Further muddying where the administration stands on the issue is an October report in which the U.S. Forest Service recommends that the White House consider lifting the mining ban on the million acres of federal land near Grand Canyon. Doing so, it said, “could re-open lands to mineral entry pursuant to the United States mining laws facilitating exploration for, and possibly development of, uranium resources.”

USDA/Screenshot

The Interior Department did not respond to HuffPost’s inquiries seeking clarification on its position.

Rep. Raúl Grijalva (D-Ariz.), the ranking member of the House Natural Resources Committee, sees the two agencies’ contradictory positions as par for the course.

“Arizona has a painful history of irresponsible and dangerous uranium mining, and maintaining the current withdrawal around the Grand Canyon is clearly the right policy,” he wrote in an email to HuffPost. “If the Trump administration agrees with Arizonans on that I’ll applaud them for it, but we don’t have a solid idea of where the White House stands from minute to minute. Reauthorizing FISA is bad, and then it’s good. A clean DACA bill is workable, and then it’s impossible. We’re drilling off the Florida coast, and then we aren’t.”

“I hope this administration protects the Grand Canyon and the health and safety of our communities, but I’m not sure I know where they stand or how long that will last,” Grijalva added.

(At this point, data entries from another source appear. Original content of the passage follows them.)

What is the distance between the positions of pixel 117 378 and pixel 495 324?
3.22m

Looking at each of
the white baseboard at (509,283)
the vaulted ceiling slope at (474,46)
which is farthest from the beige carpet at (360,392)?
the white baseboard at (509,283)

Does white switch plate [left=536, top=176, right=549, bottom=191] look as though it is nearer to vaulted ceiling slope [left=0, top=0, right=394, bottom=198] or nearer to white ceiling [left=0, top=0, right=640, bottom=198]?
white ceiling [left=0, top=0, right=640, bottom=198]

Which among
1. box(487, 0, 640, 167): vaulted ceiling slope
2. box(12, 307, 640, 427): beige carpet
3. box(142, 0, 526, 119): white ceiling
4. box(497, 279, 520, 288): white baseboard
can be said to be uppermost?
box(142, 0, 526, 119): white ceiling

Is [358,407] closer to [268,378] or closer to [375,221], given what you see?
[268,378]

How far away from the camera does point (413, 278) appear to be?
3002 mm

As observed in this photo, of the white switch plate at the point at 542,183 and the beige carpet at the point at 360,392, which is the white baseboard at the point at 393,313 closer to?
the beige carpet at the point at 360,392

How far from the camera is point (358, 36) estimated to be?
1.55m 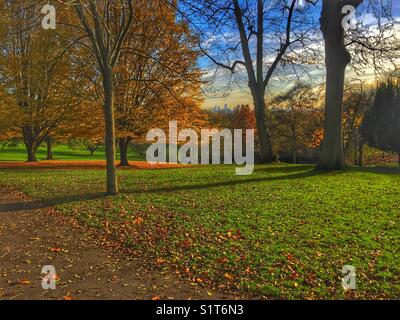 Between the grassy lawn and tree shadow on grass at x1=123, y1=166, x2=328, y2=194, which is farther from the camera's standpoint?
tree shadow on grass at x1=123, y1=166, x2=328, y2=194

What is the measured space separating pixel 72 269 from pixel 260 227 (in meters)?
3.65

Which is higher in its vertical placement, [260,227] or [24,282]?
[260,227]

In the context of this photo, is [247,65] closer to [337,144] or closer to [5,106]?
[337,144]

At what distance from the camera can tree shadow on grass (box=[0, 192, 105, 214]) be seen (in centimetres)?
905

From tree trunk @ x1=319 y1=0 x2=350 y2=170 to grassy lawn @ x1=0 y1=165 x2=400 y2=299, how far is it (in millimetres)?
1975

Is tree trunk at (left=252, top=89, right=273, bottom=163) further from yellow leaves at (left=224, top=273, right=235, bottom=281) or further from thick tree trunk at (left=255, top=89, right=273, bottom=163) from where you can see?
yellow leaves at (left=224, top=273, right=235, bottom=281)

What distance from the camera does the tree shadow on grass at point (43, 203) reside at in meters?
9.05

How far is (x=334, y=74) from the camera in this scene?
46.6 feet

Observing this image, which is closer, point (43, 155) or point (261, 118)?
point (261, 118)

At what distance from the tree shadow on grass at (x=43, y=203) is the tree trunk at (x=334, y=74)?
9.41 m

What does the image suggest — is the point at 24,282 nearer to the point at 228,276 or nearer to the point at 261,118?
the point at 228,276

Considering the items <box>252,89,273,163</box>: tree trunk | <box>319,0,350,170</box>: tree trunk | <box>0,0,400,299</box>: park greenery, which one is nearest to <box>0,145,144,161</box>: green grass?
<box>0,0,400,299</box>: park greenery

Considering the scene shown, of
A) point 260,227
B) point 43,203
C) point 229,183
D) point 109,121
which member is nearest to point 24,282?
point 260,227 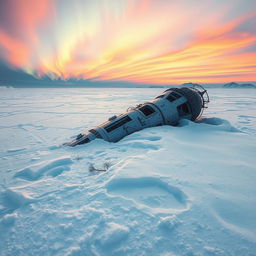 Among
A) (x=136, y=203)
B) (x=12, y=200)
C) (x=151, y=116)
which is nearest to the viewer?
(x=136, y=203)

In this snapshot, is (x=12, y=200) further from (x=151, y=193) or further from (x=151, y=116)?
(x=151, y=116)

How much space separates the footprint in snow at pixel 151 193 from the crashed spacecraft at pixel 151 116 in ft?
17.5

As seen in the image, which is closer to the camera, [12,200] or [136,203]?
[136,203]

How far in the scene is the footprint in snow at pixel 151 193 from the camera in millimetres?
4066

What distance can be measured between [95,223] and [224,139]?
25.8 feet

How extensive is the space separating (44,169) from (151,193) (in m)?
4.61

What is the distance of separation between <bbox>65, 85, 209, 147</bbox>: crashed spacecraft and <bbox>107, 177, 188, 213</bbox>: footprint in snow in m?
5.35

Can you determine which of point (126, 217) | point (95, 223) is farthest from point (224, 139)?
point (95, 223)

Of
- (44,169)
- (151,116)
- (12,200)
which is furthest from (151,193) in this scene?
(151,116)

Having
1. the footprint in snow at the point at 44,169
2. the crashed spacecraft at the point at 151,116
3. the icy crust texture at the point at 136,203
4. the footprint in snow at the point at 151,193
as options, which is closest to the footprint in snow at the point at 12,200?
the icy crust texture at the point at 136,203

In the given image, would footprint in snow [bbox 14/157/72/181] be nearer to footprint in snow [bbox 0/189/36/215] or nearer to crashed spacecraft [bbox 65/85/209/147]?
footprint in snow [bbox 0/189/36/215]

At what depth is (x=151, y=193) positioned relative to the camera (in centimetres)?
456

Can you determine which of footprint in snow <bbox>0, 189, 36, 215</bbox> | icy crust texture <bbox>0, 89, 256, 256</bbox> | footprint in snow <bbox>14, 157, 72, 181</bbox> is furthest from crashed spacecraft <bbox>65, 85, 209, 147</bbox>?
footprint in snow <bbox>0, 189, 36, 215</bbox>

Ted Zukoski, an attorney with Earthjustice who represented Grand Canyon Trust and other groups in the case, told HuffPost that regardless of whether the Trump administration deserves credit for the court ruling, “It’s good to see Secretary Zinke support the mineral withdrawal, which protects not only the wildlife and scenery of the Grand Canyon region but the communities and people who have lived there for millennia, including the Havasupai Tribe.”

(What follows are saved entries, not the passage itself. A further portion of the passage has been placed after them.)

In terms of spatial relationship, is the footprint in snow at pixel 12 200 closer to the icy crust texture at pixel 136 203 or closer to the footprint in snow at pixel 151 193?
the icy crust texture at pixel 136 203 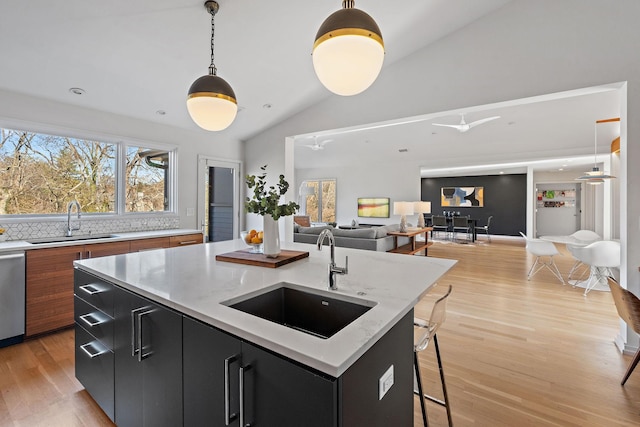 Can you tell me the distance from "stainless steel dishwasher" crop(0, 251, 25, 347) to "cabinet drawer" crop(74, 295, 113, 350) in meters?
1.30

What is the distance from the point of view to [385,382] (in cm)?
104

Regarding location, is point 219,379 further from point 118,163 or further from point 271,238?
point 118,163

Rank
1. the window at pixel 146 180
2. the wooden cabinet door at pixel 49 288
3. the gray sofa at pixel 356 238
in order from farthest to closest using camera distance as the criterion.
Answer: the gray sofa at pixel 356 238, the window at pixel 146 180, the wooden cabinet door at pixel 49 288

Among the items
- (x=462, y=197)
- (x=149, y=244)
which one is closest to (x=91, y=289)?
(x=149, y=244)

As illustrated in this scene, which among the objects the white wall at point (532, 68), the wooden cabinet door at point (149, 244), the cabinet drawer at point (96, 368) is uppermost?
the white wall at point (532, 68)

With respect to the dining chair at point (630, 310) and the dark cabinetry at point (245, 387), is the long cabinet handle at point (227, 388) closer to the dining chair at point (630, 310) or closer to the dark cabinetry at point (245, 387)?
the dark cabinetry at point (245, 387)

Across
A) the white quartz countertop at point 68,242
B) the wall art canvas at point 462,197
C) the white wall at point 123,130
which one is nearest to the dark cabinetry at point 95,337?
the white quartz countertop at point 68,242

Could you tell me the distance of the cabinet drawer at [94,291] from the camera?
5.31 ft

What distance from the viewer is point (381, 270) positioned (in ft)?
5.84

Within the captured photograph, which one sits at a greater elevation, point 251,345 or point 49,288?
point 251,345

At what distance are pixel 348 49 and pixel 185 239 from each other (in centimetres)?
348

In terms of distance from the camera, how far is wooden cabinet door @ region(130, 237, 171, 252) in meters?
3.44

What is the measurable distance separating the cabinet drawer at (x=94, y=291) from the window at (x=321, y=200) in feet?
27.9

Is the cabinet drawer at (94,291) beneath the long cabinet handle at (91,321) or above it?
above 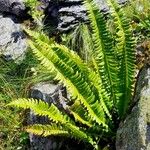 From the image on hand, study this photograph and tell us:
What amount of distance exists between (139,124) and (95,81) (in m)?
0.79

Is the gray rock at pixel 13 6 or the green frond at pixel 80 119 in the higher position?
the green frond at pixel 80 119

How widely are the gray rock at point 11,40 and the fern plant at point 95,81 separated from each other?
1.80 m

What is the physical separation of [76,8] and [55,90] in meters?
1.54

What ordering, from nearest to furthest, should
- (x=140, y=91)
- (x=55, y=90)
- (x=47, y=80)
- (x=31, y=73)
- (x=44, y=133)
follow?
(x=140, y=91) < (x=44, y=133) < (x=55, y=90) < (x=47, y=80) < (x=31, y=73)

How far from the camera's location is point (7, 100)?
5277 mm

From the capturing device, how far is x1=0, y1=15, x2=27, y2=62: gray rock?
5.85 metres

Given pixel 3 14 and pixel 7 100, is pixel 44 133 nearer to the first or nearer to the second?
pixel 7 100

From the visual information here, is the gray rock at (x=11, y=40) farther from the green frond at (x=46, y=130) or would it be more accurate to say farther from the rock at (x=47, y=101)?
the green frond at (x=46, y=130)

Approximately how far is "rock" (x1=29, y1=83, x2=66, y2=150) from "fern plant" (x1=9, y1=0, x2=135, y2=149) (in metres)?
0.22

Taking credit for the withdrawal contradicts much of Zinke’s first 10 months on the job. While environmentalists initially saw him as less of a threat than other Trump Cabinet picks, he has emerged as yet another industry ally, working to pave a better future for coal, oil and gas. “Our nation can’t run on pixie dust and hope,” he said at a March signing ceremony for Trump’s executive order rolling back Obama-era policies aimed at curbing greenhouse gas emissions.

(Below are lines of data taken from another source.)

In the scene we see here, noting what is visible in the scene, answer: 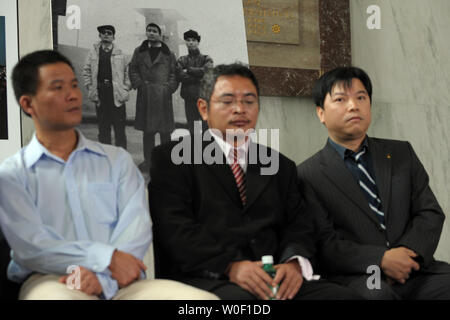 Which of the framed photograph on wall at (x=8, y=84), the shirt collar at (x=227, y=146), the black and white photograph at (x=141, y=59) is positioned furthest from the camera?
the black and white photograph at (x=141, y=59)

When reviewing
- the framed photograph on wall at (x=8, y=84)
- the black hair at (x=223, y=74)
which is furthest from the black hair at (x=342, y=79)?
the framed photograph on wall at (x=8, y=84)

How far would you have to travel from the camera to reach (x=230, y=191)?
2602 mm

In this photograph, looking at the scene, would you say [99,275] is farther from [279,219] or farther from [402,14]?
[402,14]

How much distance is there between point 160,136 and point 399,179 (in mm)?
1415

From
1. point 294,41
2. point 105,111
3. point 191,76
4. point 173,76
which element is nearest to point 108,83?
point 105,111

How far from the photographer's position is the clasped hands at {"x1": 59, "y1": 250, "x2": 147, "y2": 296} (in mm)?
2184

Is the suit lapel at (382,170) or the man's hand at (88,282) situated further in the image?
the suit lapel at (382,170)

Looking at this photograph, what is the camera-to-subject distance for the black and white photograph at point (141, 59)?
3.54 m

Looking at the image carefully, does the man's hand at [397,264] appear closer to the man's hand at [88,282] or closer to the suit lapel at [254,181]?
the suit lapel at [254,181]

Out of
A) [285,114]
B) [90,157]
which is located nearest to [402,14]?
[285,114]

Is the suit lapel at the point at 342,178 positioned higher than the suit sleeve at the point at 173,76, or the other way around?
the suit sleeve at the point at 173,76

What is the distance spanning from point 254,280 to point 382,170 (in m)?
0.99

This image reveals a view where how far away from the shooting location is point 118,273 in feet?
7.39

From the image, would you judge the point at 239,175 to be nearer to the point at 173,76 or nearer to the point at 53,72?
the point at 53,72
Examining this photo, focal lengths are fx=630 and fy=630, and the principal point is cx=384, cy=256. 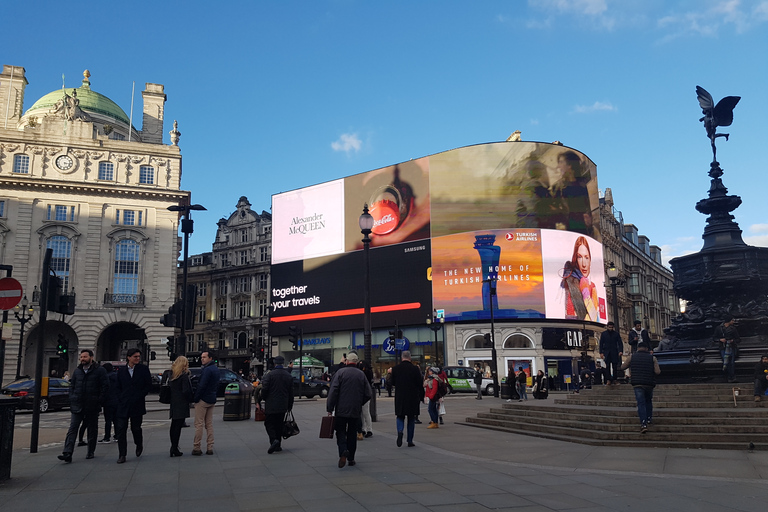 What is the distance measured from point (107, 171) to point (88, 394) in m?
47.5

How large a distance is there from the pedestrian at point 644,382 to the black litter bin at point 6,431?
33.3ft

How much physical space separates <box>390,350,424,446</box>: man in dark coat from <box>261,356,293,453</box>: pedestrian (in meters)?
2.25

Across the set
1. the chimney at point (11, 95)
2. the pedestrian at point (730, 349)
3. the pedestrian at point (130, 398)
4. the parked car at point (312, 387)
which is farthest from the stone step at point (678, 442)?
the chimney at point (11, 95)

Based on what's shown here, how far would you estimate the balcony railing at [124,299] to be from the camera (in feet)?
170

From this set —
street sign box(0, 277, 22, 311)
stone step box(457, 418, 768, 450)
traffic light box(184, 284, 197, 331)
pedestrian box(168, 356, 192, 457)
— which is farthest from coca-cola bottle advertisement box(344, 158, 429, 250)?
street sign box(0, 277, 22, 311)

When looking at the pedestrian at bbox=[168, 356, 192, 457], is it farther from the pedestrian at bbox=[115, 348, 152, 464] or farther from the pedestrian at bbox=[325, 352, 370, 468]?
the pedestrian at bbox=[325, 352, 370, 468]

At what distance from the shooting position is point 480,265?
55375mm

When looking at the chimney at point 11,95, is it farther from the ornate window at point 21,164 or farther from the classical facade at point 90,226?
the ornate window at point 21,164

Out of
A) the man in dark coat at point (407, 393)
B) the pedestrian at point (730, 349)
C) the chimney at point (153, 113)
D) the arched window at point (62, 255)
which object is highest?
the chimney at point (153, 113)

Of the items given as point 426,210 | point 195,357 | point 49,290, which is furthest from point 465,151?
point 49,290

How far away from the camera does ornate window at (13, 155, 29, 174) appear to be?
51438 mm

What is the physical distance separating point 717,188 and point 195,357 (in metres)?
48.6

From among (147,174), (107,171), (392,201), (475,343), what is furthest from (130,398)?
(392,201)

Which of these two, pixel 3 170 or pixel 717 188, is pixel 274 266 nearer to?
pixel 3 170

Zinke has also overturned an Obama-era moratorium on new coal leases on federal land, moved to expand domestic mineral production and, last week, proposed opening nearly all U.S. waters to offshore drilling. He’s met privately with a slew of oil and gas executives, as well as spoken at industry conferences and a trade group’s board meeting. In defending the Trump administration’s push for an increase fossil fuel production, Zinke has compared oil drilling to hunting and fishing. He has also said natural areas can actually benefit from the extraction of oil, gas and minerals.

Zinke talks often about his fondness for former President Theodore Roosevelt, describing himself as an “unapologetic admirer and disciple.” But his actions — in particular his recommendation that Trump shrink or otherwise weaken several national monuments designated under the Antiquities Act, which Roosevelt signed into law in 1906 and used to establish and protect 18 national monuments — have left many in the conservation and outdoor sporting communities fuming.

Kate Kelly, public lands director at Center for American Progress and a former Interior official during the Obama administration, said Zinke is “scraping the bottom of the barrel” to come up with conservation wins.

“Yes, the administration deserves a pat on the back for not reversing protections for the Grand Canyon — so far — but if Zinke really wants to leave a legacy that deserves to be mentioned even on the same page as Teddy Roosevelt’s, he’s got to do a lot more than take credit for not walking away from old lawsuits,” she told HuffPost in an email. “If you discount the conservation accomplishments that are either annual announcements or were well underway under the previous administration, there’s simply nothing left on Zinke’s ledger.”